The vector DSP future-proofs the CNN engine.
Figure 4 shows the inputs and outputs of an embedded vision
processor. The streaming images from the car’s camera are fed
into the CNN engine that is preconfigured with the graph and
weights. The output of the CNN is a classification of the contents
of the image.

Scene Segmentation and Navigation

Up to now, we’ve discussed object classification of pedestrians
(or bicycles or cars or trucks) that can be used for collision
avoidance – an ADAS example. CNNs with high enough performance
can also be used for scene segmentation – the identifying
of all the pixels in an image. The goal for scene segmentation
is less about identifying specific pixels than it is to identify the
boundaries between types of objects in the scene. Knowing
where the road is compared to other objects in the scene provides
a great benefit to a car’s navigation and brings us one step
closer to autonomous vehicles.

One scene segmentation example, running on a DesignWare
EV61’s CNN, segmented the streaming images using 11 categories
of objects (road, sky, buildings, pedestrians, etc.). With
five channels of 1920×1080 images as input, the CNN, running
at 800MHz, achieved 18fps. Scene segmentation is difficult
for CNNs that don’t have the horsepower to process multiple
instances of the full images (frames).

Future Requirements for Vision Processors
in Automotive Vision

Vision processing solutions will need to scale as future demands
call for more processing performance.

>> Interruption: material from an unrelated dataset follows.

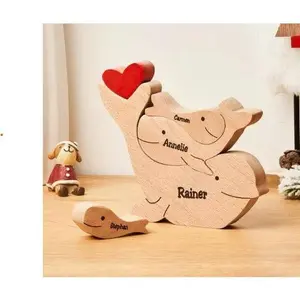 Personalized Wooden Whale Family Puzzle  - Home Decor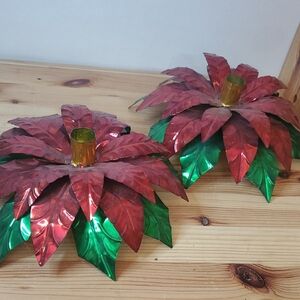 Festive Poinsettia Candle Holders D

A 1MP image is a
reasonable resolution for existing cameras in automobiles. However,
more cameras are being added to the car and the demand
is growing from 1MP to 3MP or even 8MP cameras. The greater
a camera’s resolution, the farther away an object can be detected.
There are simply more bits to analyze to determine if an object,
such as a pedestrian, is ahead. The camera frame-rate (FPS) is
also important. The higher the frame rate, the lower the latency
and the greater the stopping distance. For a 1MP RGB camera
running at 15 FPS, that would be 1280×1024 pixels/frame times
15 frames/second times three colors or about 59M bytes/second
to process. An 8MP image at 30fps will require 3264×2448
pixels/frame times 30 frames/second times three colors or about
720M bytes/second.

This extra processing performance can’t come with a
disproportionate spike in power or die area. Automobiles are
consumer items that have constant price pressures. Low power
is very important. Vision processor architectures have to be as
optimized as power and yet still retrain programmability.

Conclusion

As the requirements for ADAS in automotive applications
continue to grow, embedded vision and deep learning technology
will keep up. Object detection has evolved from small-scale
identification to full scenes with every pixel accounted for, and
flexibility will continue to be as important as performance,
power and area. Synopsys’ DesignWare EV6x Embedded Vision
Processors are fully programmable to address new graphs as
they are developed, and offer high performance in a small area
and with highly efficient power.

Author Bio:

Gordon Cooper is a Product Marketing Manager for Synopsys’
Embedded Vision Processor family. Gordon brings more than 20
years of experience in digital design, field applications and marketing
at Raytheon, Analog Devices, and NXP to the role. Gordon
also served as a Commanding Officer in the US Army Reserve,
including a tour in Kosovo. Gordon holds a Bachelor of Science
degree in Electrical Engineering from Clarkson University.